Test if PyTorch is installed and accessible by importing the torch package in Python. Note, do not run in the PyTorch git folder.
python3 -c ‘import torch’ 2> /dev/null && echo ‘Success’ || echo ‘Failure’
2. Test if the GPU is accessible from PyTorch. In the PyTorch framework, ‘torch.cuda’ is a generic mechanism to access the GPU; it will access an AMD GPU only if available. python3 -c ‘import torch; print(torch.cuda.is_available())’
3. Run the unit tests to validate the PyTorch installation fully. Run the following command from the PyTorch home directory ./.jenkins/pytorch/test.sh
This will first install some dependencies, such as a supported TorchVision version for PyTorch. TorchVision is used in some PyTorch tests for loading models.
Next, this will run all the unit tests.
NOTE: Some tests may be skipped, as appropriate, based on your system configuration. All features of PyTorch are not supported on ROCm, and the tests that evaluate these features are skipped. In addition, depending on the host memory, or the number of available GPUs, other tests may be skipped.

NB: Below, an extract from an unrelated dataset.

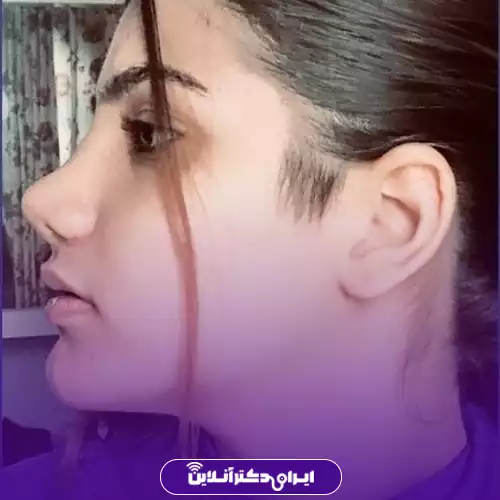 نمونه کار قبل و بعد عمل بینی دکتر نعمتی 2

No test should fail if the compilation and installation are correct.
5. Individual unit tests may be run with the following command: PYTORCH_TEST_WITH_ROCM=1 python3 test/test_nn.py –verbose
where test_nn.py can be replaced with any other test set.
PyTorch examples¶
The PyTorch examples repository provides basic examples that exercise the functionality of the framework. MNIST database is a collection of handwritten digits, that may be used to train a Convolutional Neural Network for handwriting recognition. Alternatively, ImageNet is a database of images used to train a network for visual object recognition.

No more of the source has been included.